| Work request |
For this exercise, restate word for word only the lines from the one containing "Picture of Graceful Red Cotton Salwar Kameez" through the last line below. Pictures do not get copied.

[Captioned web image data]

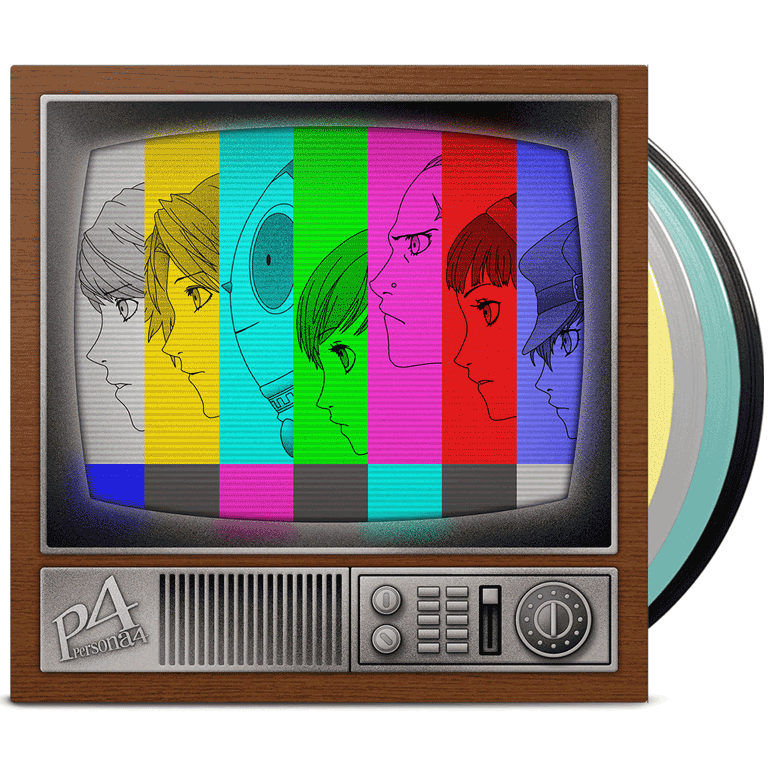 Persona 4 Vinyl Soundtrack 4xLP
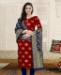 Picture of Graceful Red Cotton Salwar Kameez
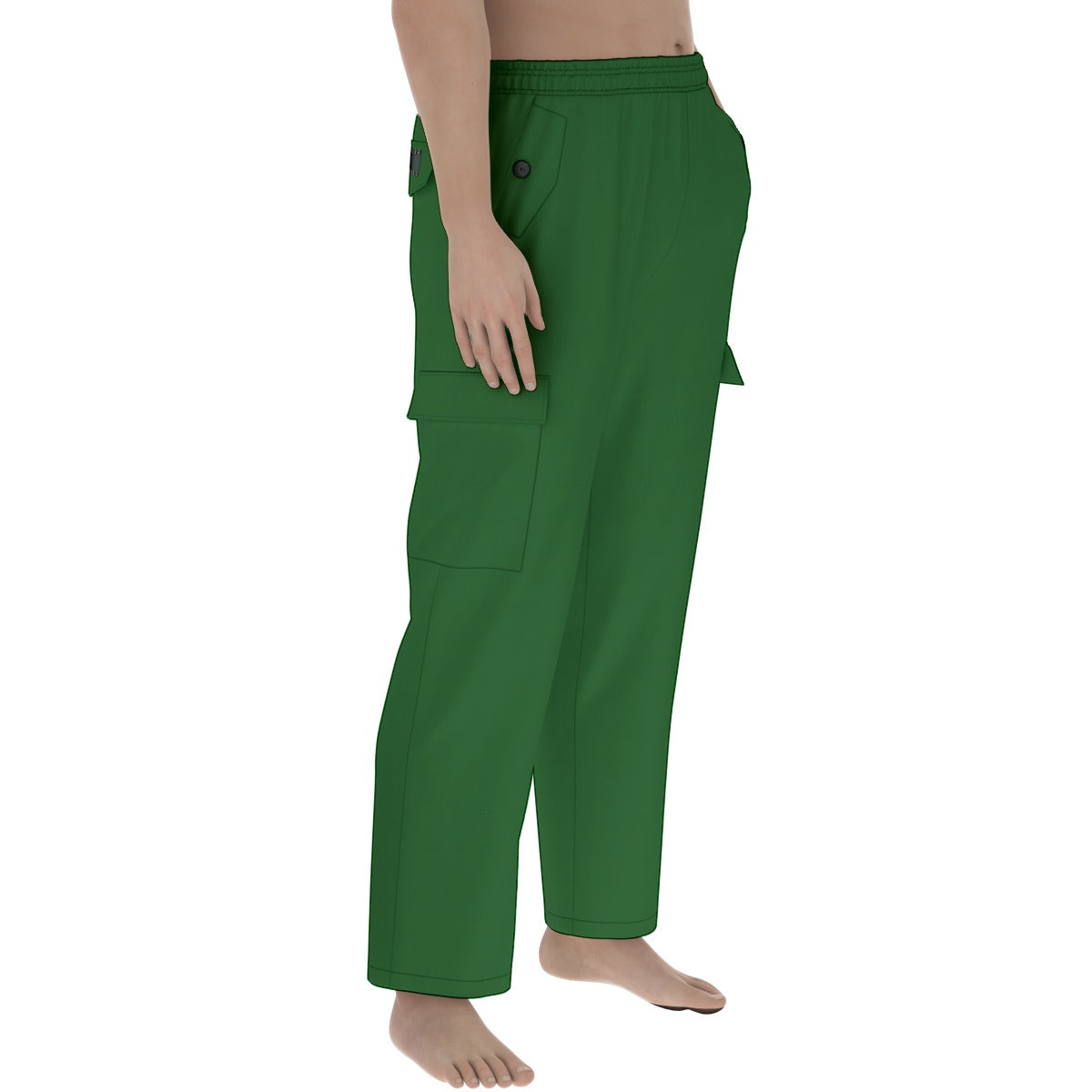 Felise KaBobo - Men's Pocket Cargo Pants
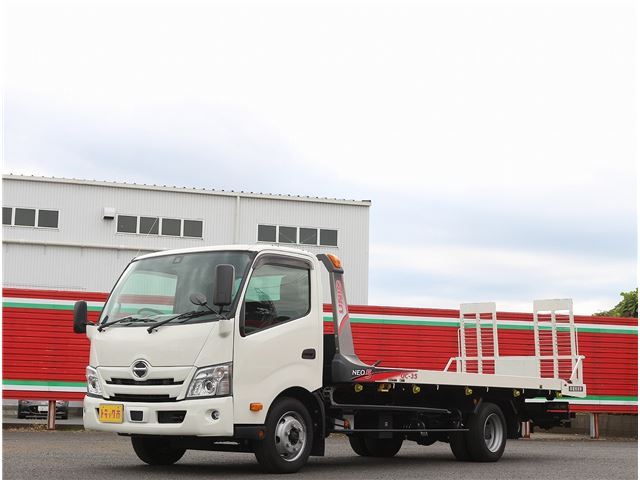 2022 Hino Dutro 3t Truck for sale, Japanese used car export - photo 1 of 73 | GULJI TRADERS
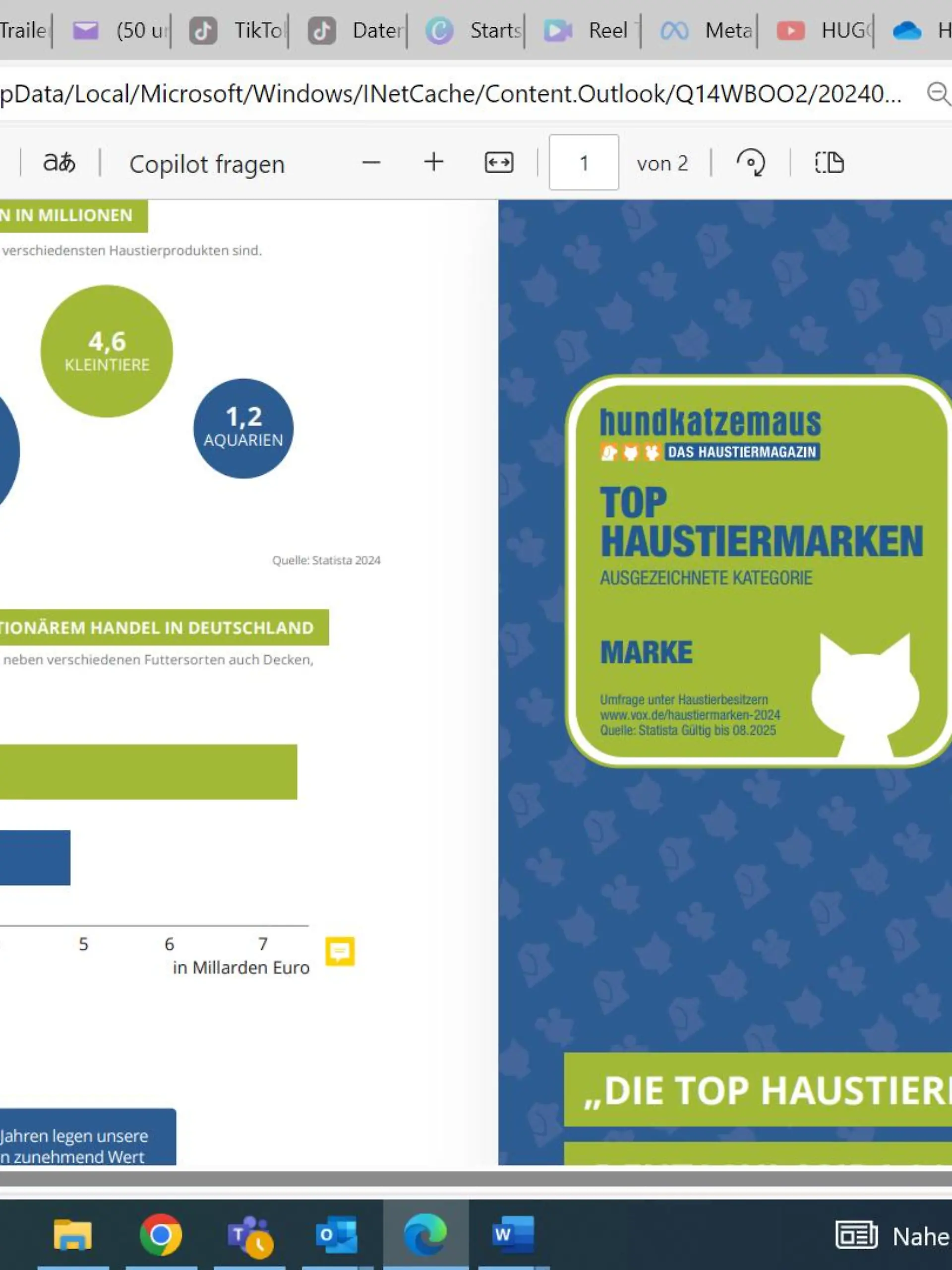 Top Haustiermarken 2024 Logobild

| Task answer |
 Picture of Graceful Red Cotton Salwar Kameez
 Felise KaBobo - Men's Pocket Cargo Pants
 2022 Hino Dutro 3t Truck for sale, Japanese used car export - photo 1 of 73 | GULJI TRADERS
 Top Haustiermarken 2024 Logobild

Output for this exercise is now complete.